Is the young bride’s beau who he appears to be?

I Married a Monster from Outer Space Review

Bill and Marge are just about to be married. Just one last hurrah for Bill – a bachelor party – then he’ll meet bonny Marge at the altar. But Bill steps away from the party and an alien abducts him, then replicates his form and proceeds to the chapel. At first, Marge doesn’t suspect a thing. 

I Married a Monster from Outer Space recycles the tried and true Invasion of the Body Snatchers yarn in which communists – sorry, aliens – walk among us, disguised as everyday folk, even our spouses. The plot here toys with that uncomfortable awkwardness of newlyweds once the honeymoon concludes as they gradually discover that they haven’t married the person they thought they had. 

It also introduces a novel back story for the aliens. The sun around which the aliens’ planet orbited went super-nova and wiped out half the population; all of the females. Only male aliens remained. 

Predictably, the aliens hatched a plan whereby they would fold themselves into American communities by replacing human men with exact replicas, marry human women, then modify their anatomies so as to permit them to gestate alien infants, thereby breeding the alien population back to pre-nova levels. 

And they might have gotten away with it, too, were it not for the meddling of Marge.

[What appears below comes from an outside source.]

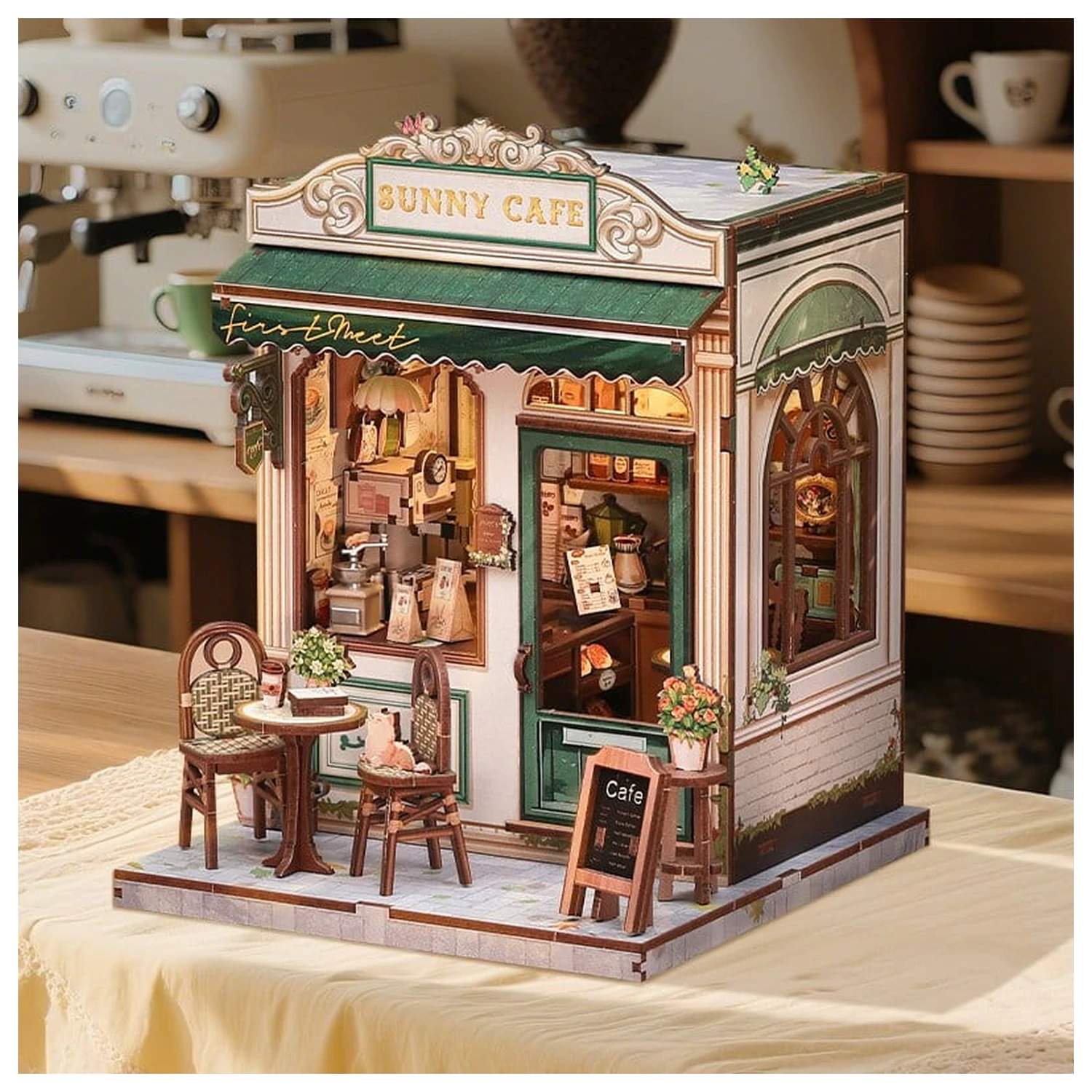 Model stavebnice miniatúrneho domu Sunny Cafe 20 x 16 cm produktová fotografia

Part of the reason for the popularity of these kinds of movies (It Came from Outer Space is another great example) was the 1950s red scare – the fear that Soviet operatives lived among us, masquerading as ordinary Americans. The other part was the cost savings in the special effects department that inured to a plot utilizing aliens who appear to be just like us. Saves a lot of make-up, prosthetics, and antenna expense. 

In most cases, though, the true, hideous form of the aliens is still featured in a climactic reveal. That’s the case, here. And it’s nothing new. But here’s something you don’t see often: dogs as deus ex machina. Make it to the end of the film, and you’ll see what I mean.

Worth Watching?

If you’re in the mood for that kind of thing, then sure. Why not?